This web page originated as an assignment in Emory University's Biology 142 lab course. Students were assigned proteins of interest and asked to research what is known about the protein and to examine whether the newly sequenced whale shark genome had evidence of an orthologous protein.
Background
The RIPK2 gene’s main function is to help regulate both innate and adaptive immune responses.[1] They do this by activating receptors, which then activate the host defense immune systems.[2] The caspase recruitment domain (CARD) is a protein, which helps to mediate the RIP and RICK proteins.[3] Studies have all shown a strong connection between regulated RIPK2 and cell survival.[4] This protein can be useful for the detection of pancreatic cancer because of its production of enzymes and bicarbonate. It has also been linked to Huntington’s disease when it is not regulated properly as it has been found to activate a protein related to Huntington’s.[5] Research is still being conducted; however, recent findings have indicated that RIPK2 might play a major role in hepatic cell migration. As a result, scientists are hopeful for these discoveries to lead to new information on carcinogenesis and liver regeneration.[6]
Figure 1: The Ripk2 gene activates the receptors, in this case, of the TAK1 and CARD9 proteins in order for them to receive the signals coding for the immune system activation.[7]
Methods:
Whale Shark predicted orthologs:
In order to find whale shark predicted orthologs, the human protein sequence (ENSP00000220751) was obtained from Ensembl and then was used as query in a Blast search against the predicted whale shark protein database using the Galaxy server: whaleshark.georgiaaquarium.org.

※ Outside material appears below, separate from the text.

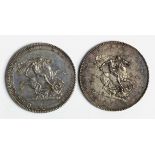 Crowns (2) George III : 1818 LVIII toned GVF, surface marks, and 1820 LX lightly cleaned nEF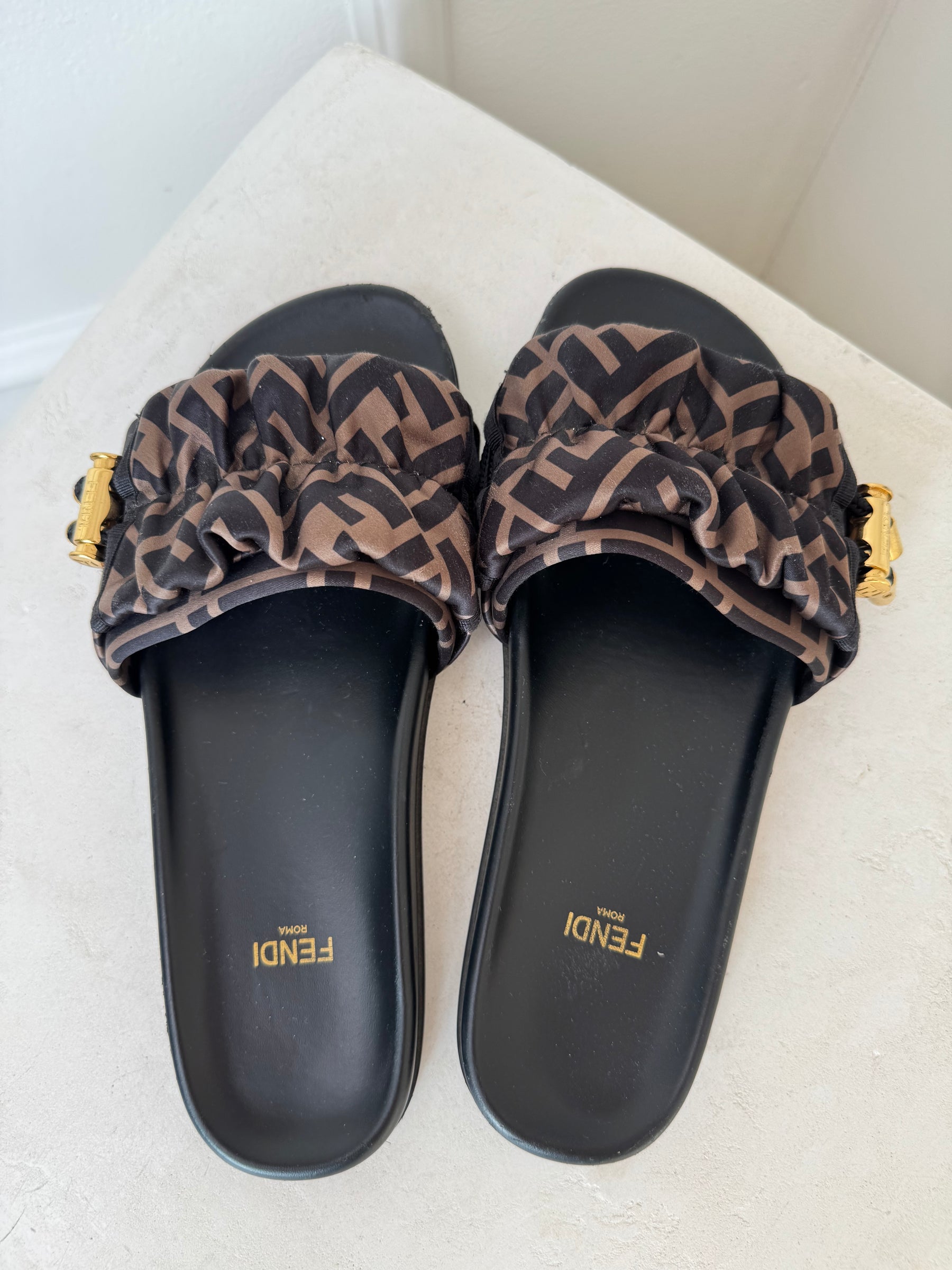 Fendi Feel Brown Satin Slides, 37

From the data collected from Galaxy, the top 4 predicted protein hits were chosen according to the lowest and most significant e-values. The top 4 predicted hits were then used as queries (using the full predicted sequence) in protein BLASTs against the NCBI human protein database. Orthologs were found if the predicted protein returned RIPK2 for homo sapiens as the top hit.
Predicted orthologs:
The NCBI Blast server was used to identify RIPK2 predicted orthologs in other species other than whale sharks. To search for potential orthologs, protein BLASTs were performed using single species protein databases for the following species: mouse, zebrafish, chimp, fruit flies, yeast, and dogs. The human RIPK2 protein (ENSP00000220751) was used as query sequence in these searches with default settings. Orthologos were found if the predicted protein returned RIPK2 as the top hit. To verify if the returned hit was a potential ortholog, the full protein sequence for the top hit was then blasted against the human protein database. If RIPK2 was again returned as a top hit, then a potential ortholog was found.
Phylogenetic tree:
To construct the phylogenetic tree, the full protein sequence was obtained for each top hit with the lowest E-value for each non-whale shark species search (using the human protein as query). These were added onto a document along with the protein sequences from top 4 hits from the data collected in Galaxy for the whale shark genome. All of the protein sequences were in FASTA format and then the collection of the sequences was used to create a multiple sequence alignment and phylogenetic tree. ClustalW2 with default settings was used to create the alignment and the option “rooted phylogenetic tree” was used to create the tree.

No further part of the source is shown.